When my mother confronted me, it became an argument, my mother with openly gay
friends, was telling her bisexual son that he could choose, and he should
choose what is acceptable, had to choose to be straight. When she found out her
initial response was, “No one in Colombia can know”.
In some
ways, that was the beginning of the fracturing of our relationship… that since
her hypocritical homophobia, her lies about her romantic relationships, her
incapacity of acknowledging when she is mistaken and being able to apologize and
her continual caring about what others think has strained that bond to just us
being distant, as I am with nearly everyone in my life, loving but distant.
I remember
not liking my dad. I felt he was always on edge, anxious, stressed, up tight,
exhausted and over worked…. As I write this I start to reflect on my own
personality issues. For some reason, today, I am not really that hard on my
dad, growing up, nearly any time we had to spend with him was a drag. Whether
it be car shows during one of his two days off each month or after him and my
mother divorced a year after Hurrricane Andrew him taking us for 10 days of
camping to the Smokey Mountains in North Carolina. My sisters and I always
fought a lot, but my father had not patience for this. There were always
arguments. I always felt tense around my dad. When he remarried I hated my
stepmom Maria, I thought she was cold, frigid, mean, her kids we got along with
them, sort of, but just something else. At some point…
I remember
my math tutor who was also Christian Garbayo´s math tutor, Silvia, a really nice
Cuban lady was shot and killed by her drunk boyfriend in an argument in their
hallway apartment on a Saturday night. Chrisitian and I did not go to the wake,
we stayed at my home talking alone. I remember being in 9th grade PE
classes and admiring probably evening crushing on a really nice, handsome
swimmer and surfer who was a senior, Lance Hall. With his twin sister Lori,
they were the youngest children of my middle school counselor Joan Hall
Edwards. April 20th, 1997, Lance Hall and two other students
including Melahn Parker who was driving, were returning back to Miami on
Alligator Alley. At some point Melahn
falls asleep at the wheel, veers off, the ford explorer flips and Lance is
ejected from the car, he is the only one who dies. Everyone at MAST was
crushed, I remember visiting Joan at her home in Miami Shores across the street
from Jonathen Simas´s parents, more than once, I remember her telling me it was
my time to support her. At some point I saw Joan once in High School, she came
to visit me for lunch, we chatted it was real nice, I lost contact with her
after that, and as I write this, I become overwhelmed with how many important
people impacted my life in a positive way and life is such in this day and age
where time and space and drift make us loose these relations that when our
memory brings them back, one feels bad as for not having been better in
maintaining them. One feels fault.
Jorge Arana
was a weird, always shaved head, Miami Cuban kid who was part of our class. We
all knew Jorge had health problems but he kept it low key. Jorge unexpectedly
passed during the fall of our senior year, 1999. He was the only one we lost.

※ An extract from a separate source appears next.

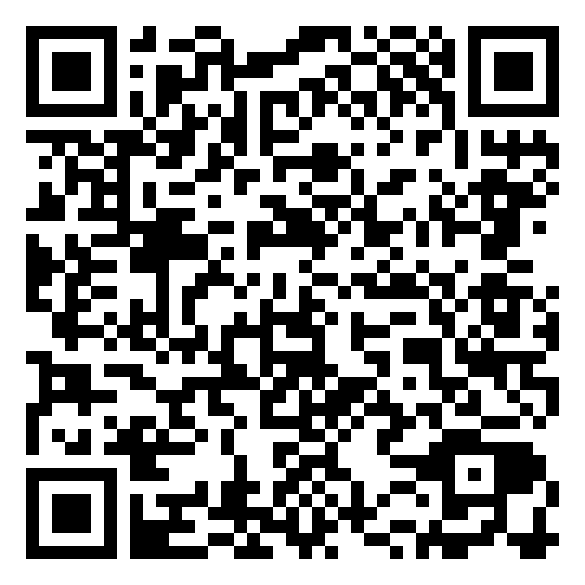 kod QR z danymi kontaktowymi 36462192900000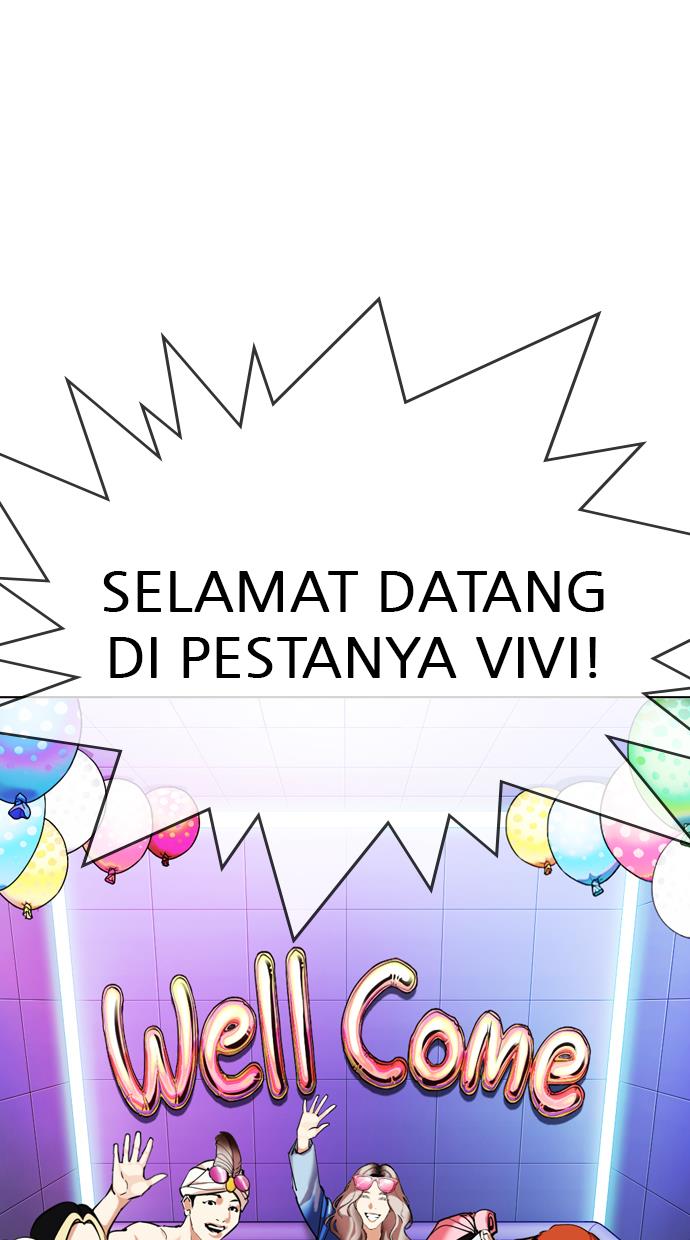 Lookism Chapter 0 halaman 115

He really like sci fi, magic the gathering and read a whole lot. I don´t really
know what he had, if it was leuquimia or what… the Class of 2000 of MAST
Academy rolled out for his funereal. I can´t remember how long the line of cars
was, but its Miami culture so you know there were a shit ton of cars.
Jorge
Castro was Nirza´s first husband. They got married in our house. Nirza´s oldest
child, Chrisitian was already born and Jorge who was much younger than Nirza
had no issue´s taking Chrisitian as his child. Jorge was pure love, and was
huge, he had been a high school football player and I loved wrestling and
pillow fights with him. I remember once watching Star Wars New Hope for like
the 100th time in my living room I fell asleep and wake up was he
had me carried as a baby and taking me to my bed. I was probably 16 or 17.
Jorge passed from heart failure. He was younger than 25. His heart was huge but
apparently his body was too big for his heart.
While I had
many special teachers in high school, and most were brilliant, my most
important lessons were not about schools subjects like literature, chemistry or
algebra… from my chemistry teacher, Mrs. Jones-Roberts I learn patience and
discipline, from Dr. Hood the physics teacher I learned to go with the flow, to
be accepting and have a sense of humor, not take everything so seriously, from
Mrs. Ulman, I learned to express myself through written words, I guess her
creative writing class did teach me how to elaborate my thoughts and feelings
through written word but more so, I learned to create my own refuge, a haven
with writing, even if I don´t share it later on and just re read it alone and
use it to study myself when I feel alone and in despair with my own
existence.
I remember
during my High School graduation crying, crying way too much. For some reasons
on stage, luckily somewhat in the back I started bawling as I though how this
had no reverse, how shit was about to get serious and all the important
relations I had created this far would fade out. For the most part I was right,
and I get mixed up about this. When it is not entirely my fault. Robert
Gonzales even scoulded me for drying like someone died. But I guess in a
certain way, the person I was, that my family and my schools and my city had
raised me, started to die, started to transform and become something way
different. I look at everything I am from and all I can feel is alienation, a
deep not belonging, not understanding, having deeply different values. Social
media makes it such where I have nearly everyone from my past accessible with
the push of a few keys but is that staying connected?